Work request: Please give back every entry in full, word for word, but none of the pictures.

━━━━━━━━━━

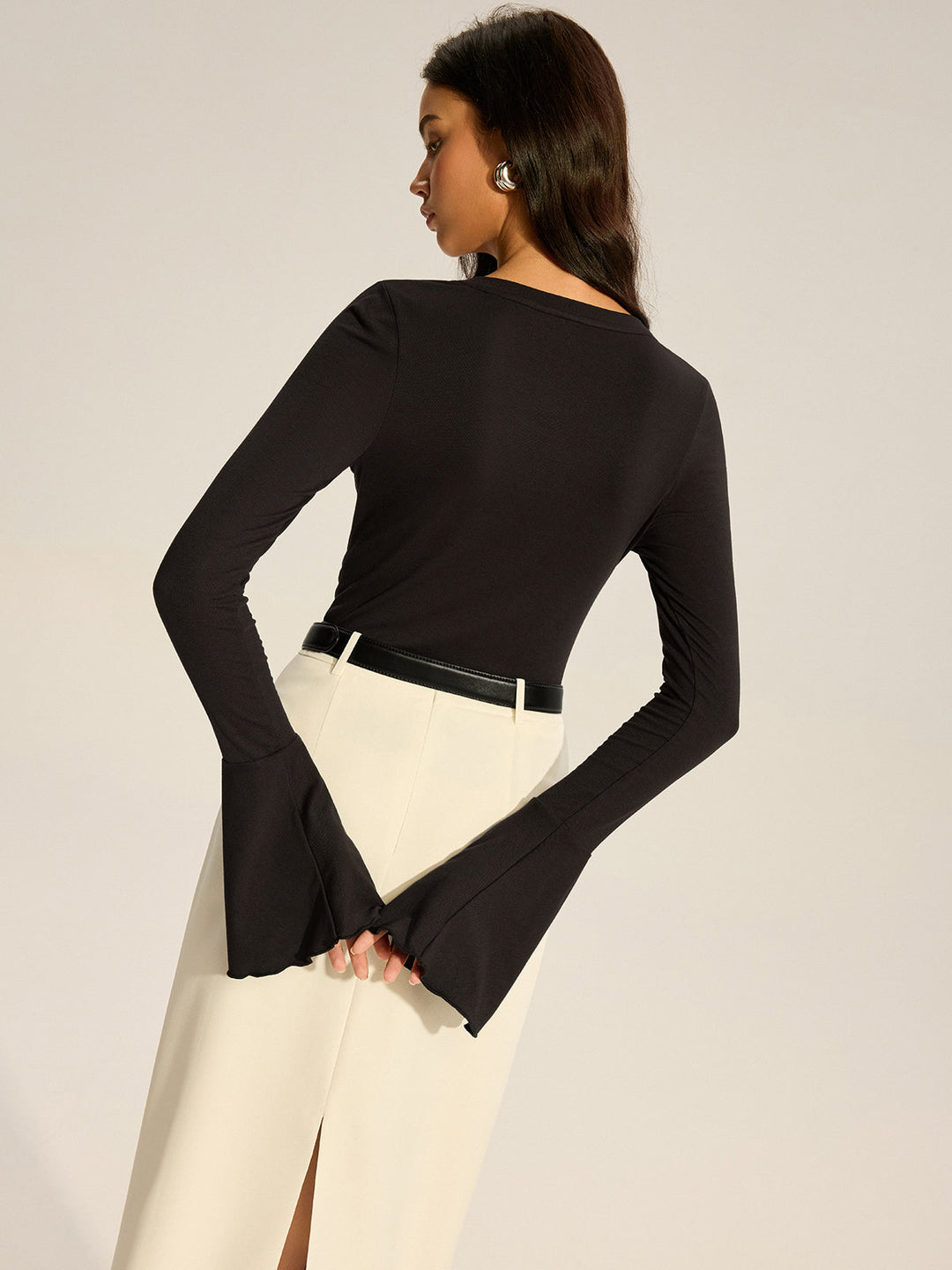 Flared Sleeve Ruffled Button T-Shirt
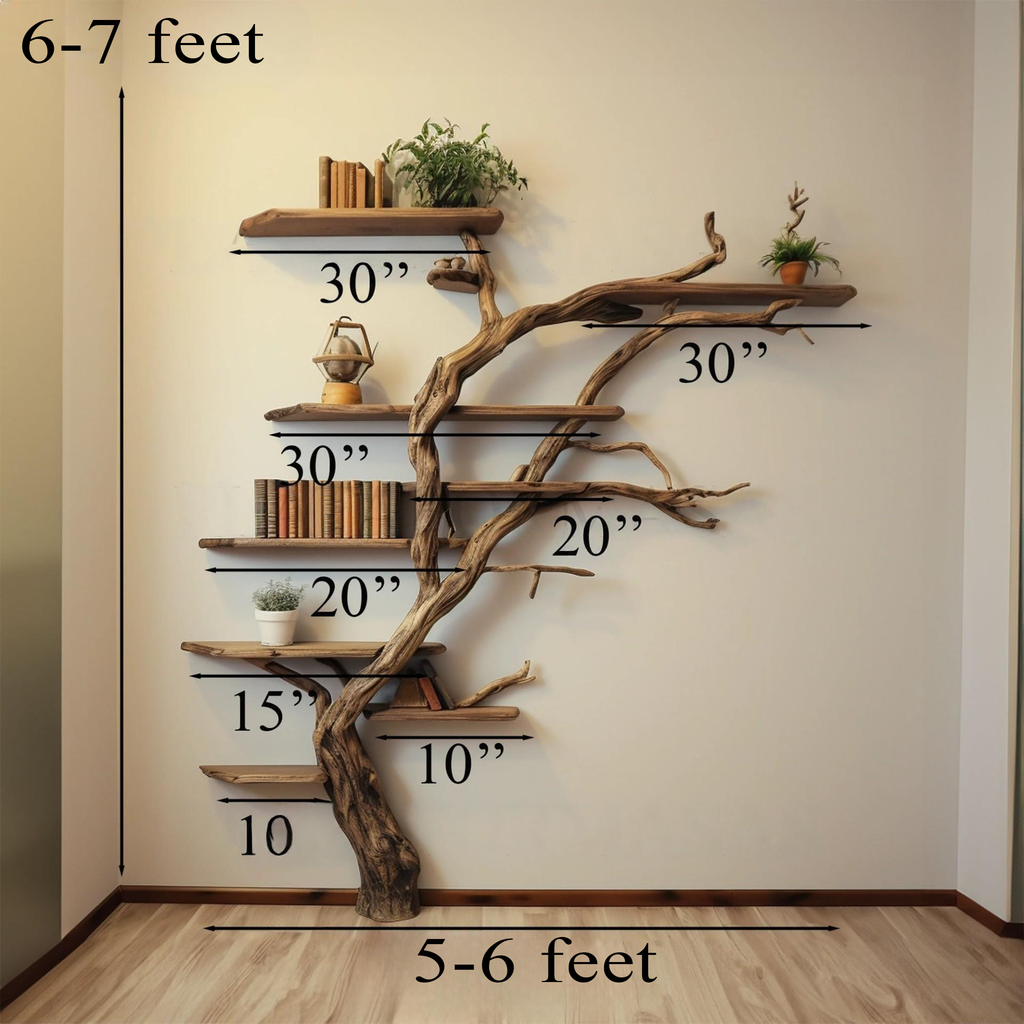 Tall Tree Shelf Wall Mount, Wild Mulberry Wood Bookcase in Dark Brown
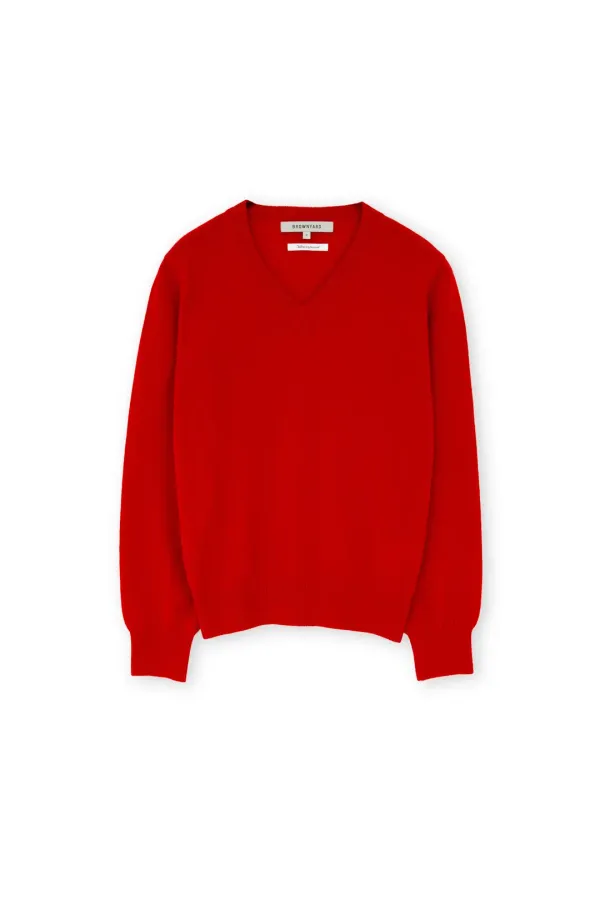 W Extra Super Fine V Neck Knit, Red
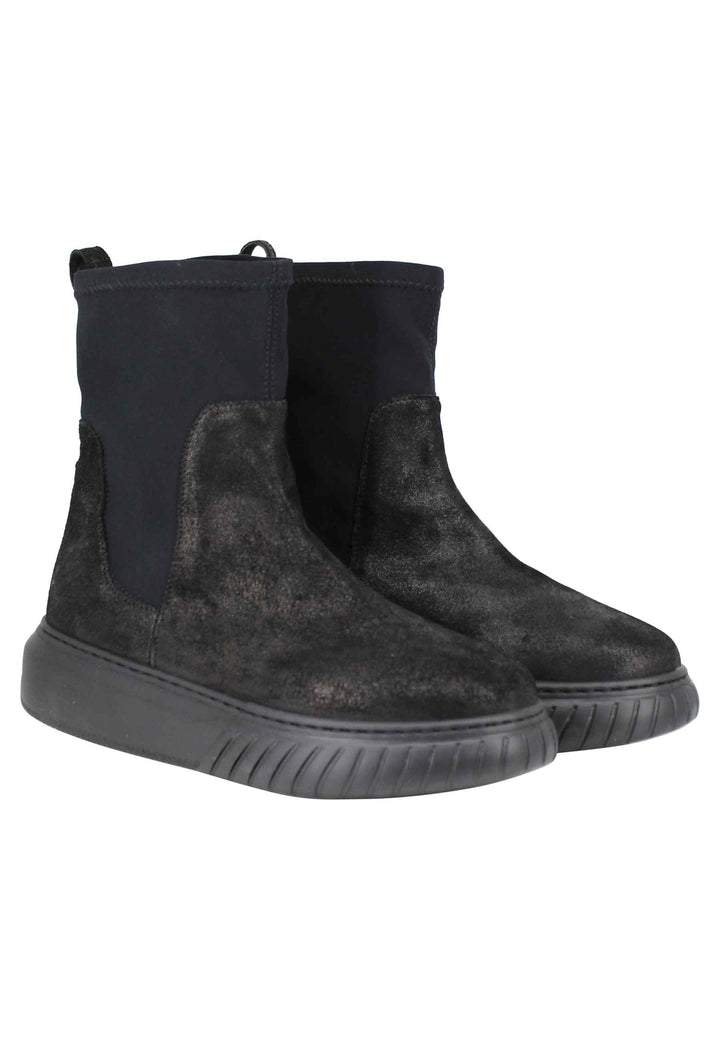 Spatarella Sneakers donna a stivaletto in pelle nera e tessuto elasticizzato in tinta suola in gomma alta Outlet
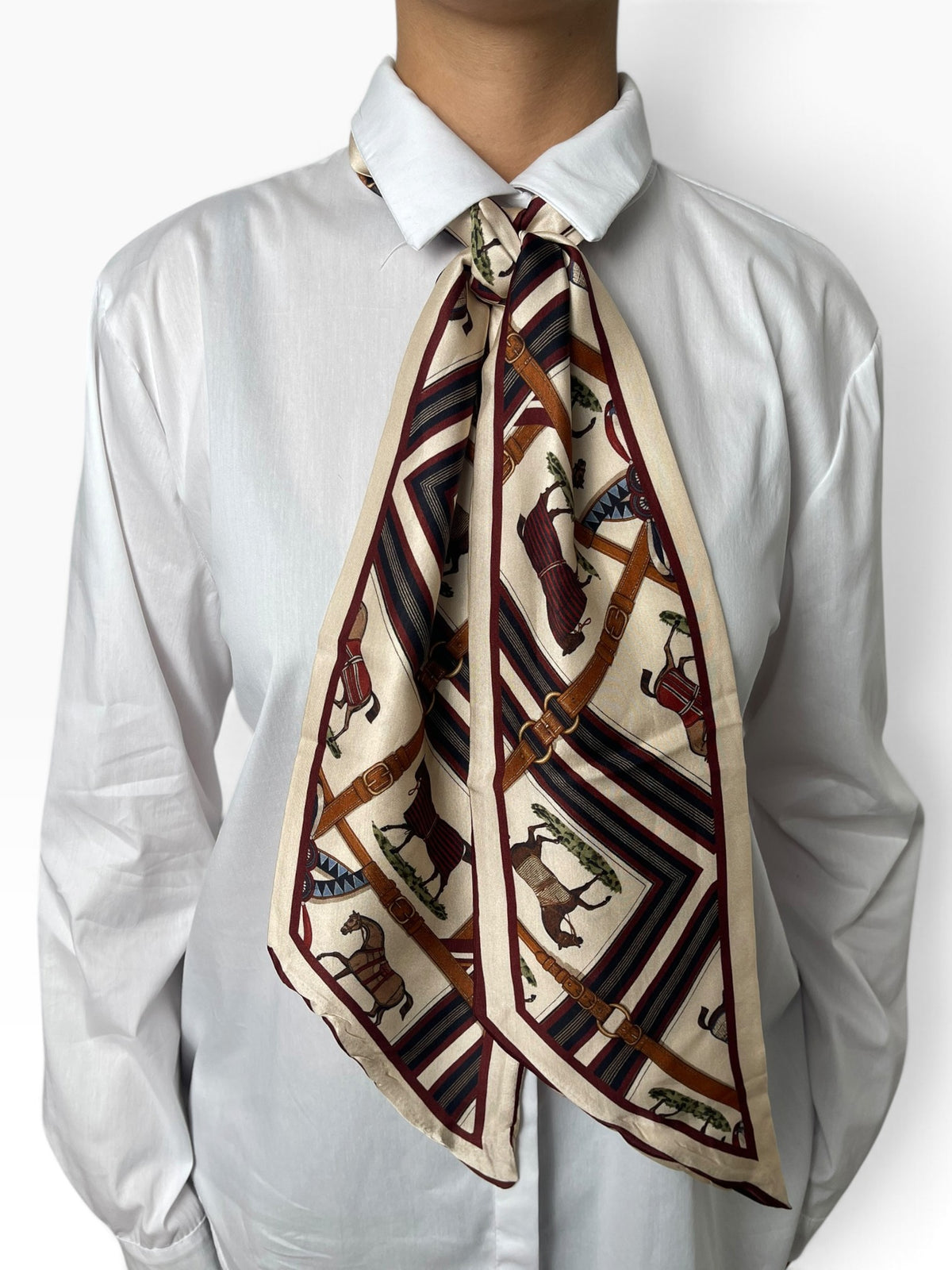 Foulard satinato stampa equestre Donna  -  002CI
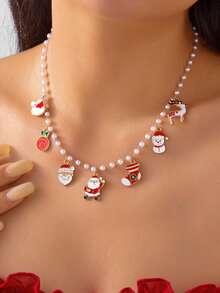 1 件圣诞老人、雪人、驯鹿和珍珠吊坠项链，适合女性在圣诞节派对上佩戴 - 彩色 - 查看 2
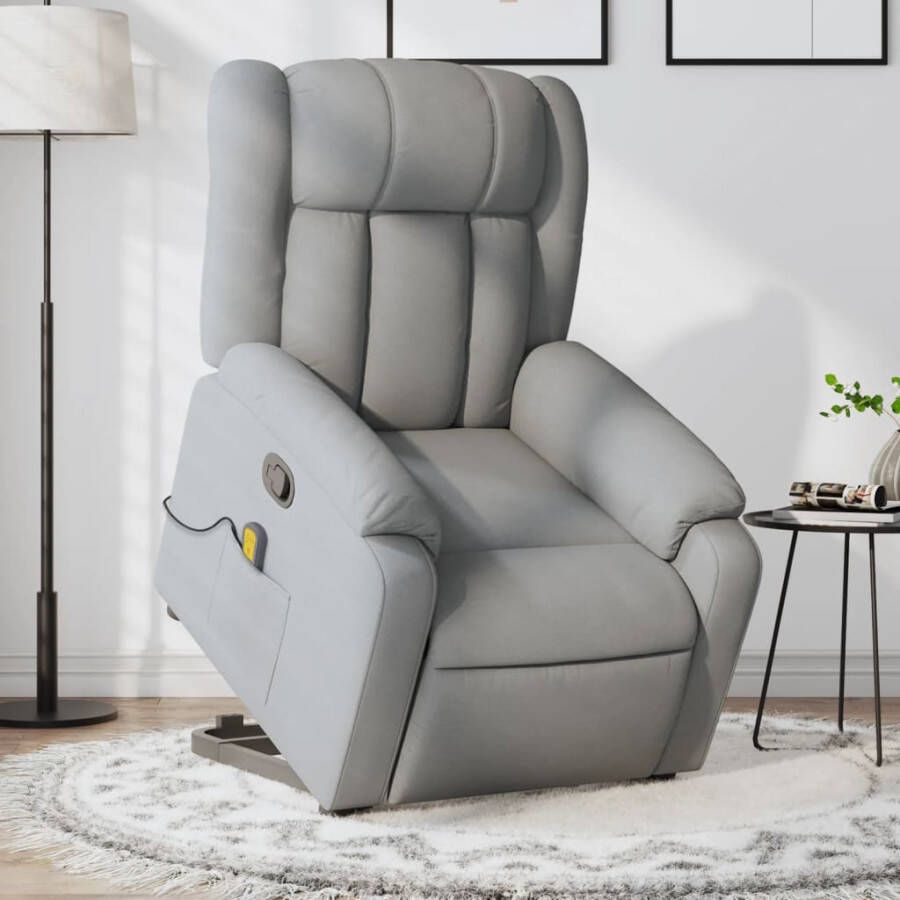 Vida XL vidaXL Sta-op-massagestoel verstelbaar stof lichtgrijs-VXL-3205328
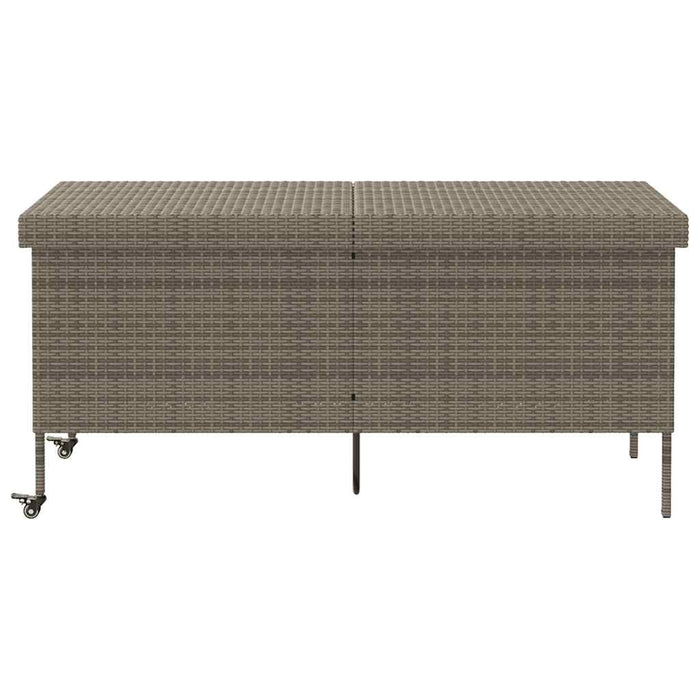 Ladă depozitare de grădină cu roți, gri 160x55x75 cm poliratan - WALTI WALTI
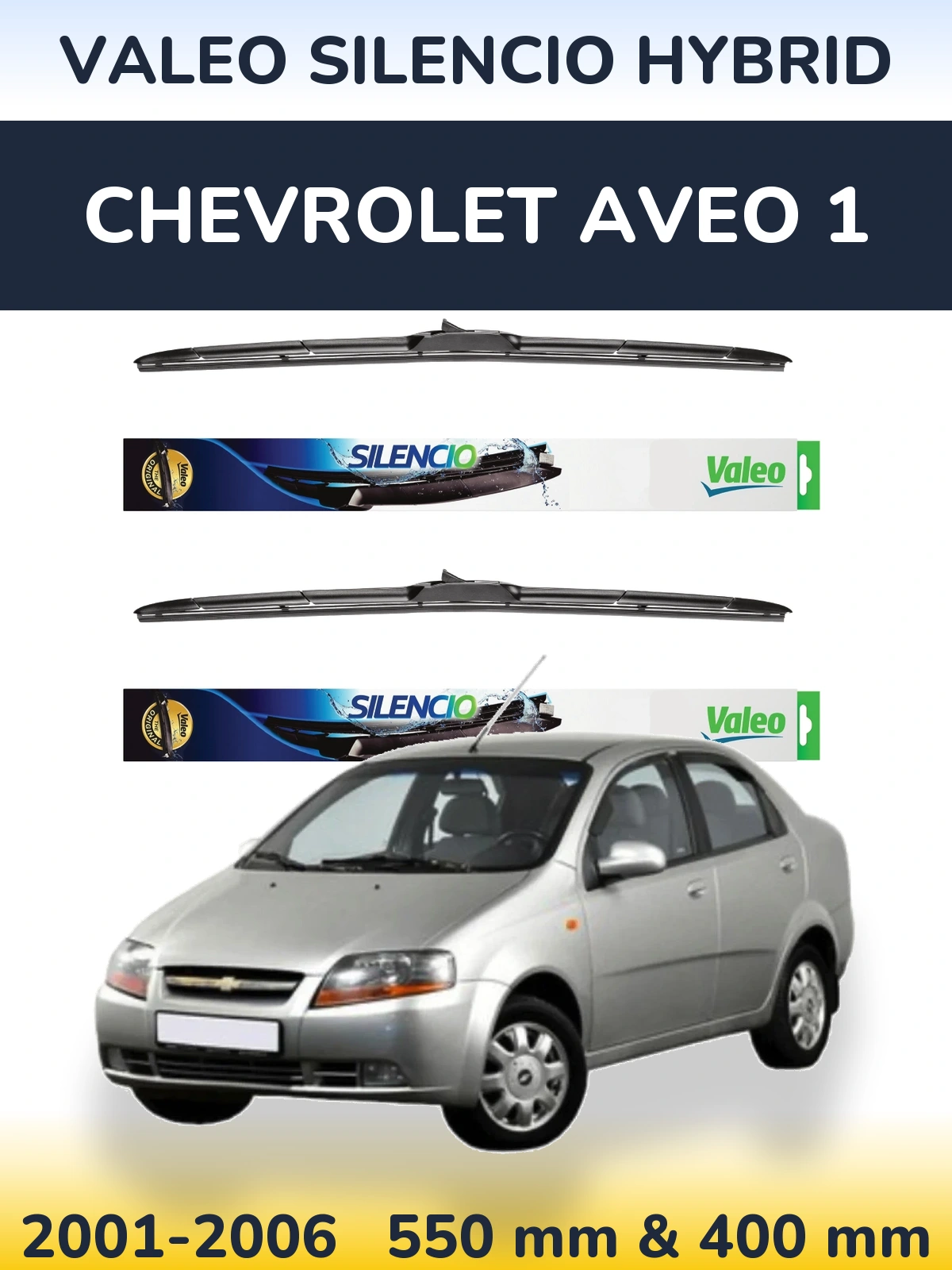 Комплект передних дворников Valeo Silencio Hybrid 550 & 400 мм для Chevrolet Aveo 1 2001-2006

━━━━━━━━━━

Reply to the exercise:
 Flared Sleeve Ruffled Button T-Shirt
 Tall Tree Shelf Wall Mount, Wild Mulberry Wood Bookcase in Dark Brown
 W Extra Super Fine V Neck Knit, Red
 Spatarella Sneakers donna a stivaletto in pelle nera e tessuto elasticizzato in tinta suola in gomma alta Outlet
 Foulard satinato stampa equestre Donna  -  002CI
 1 件圣诞老人、雪人、驯鹿和珍珠吊坠项链，适合女性在圣诞节派对上佩戴 - 彩色 - 查看 2
 Vida XL vidaXL Sta-op-massagestoel verstelbaar stof lichtgrijs-VXL-3205328
 Ladă depozitare de grădină cu roți, gri 160x55x75 cm poliratan - WALTI WALTI
 Комплект передних дворников Valeo Silencio Hybrid 550 & 400 мм для Chevrolet Aveo 1 2001-2006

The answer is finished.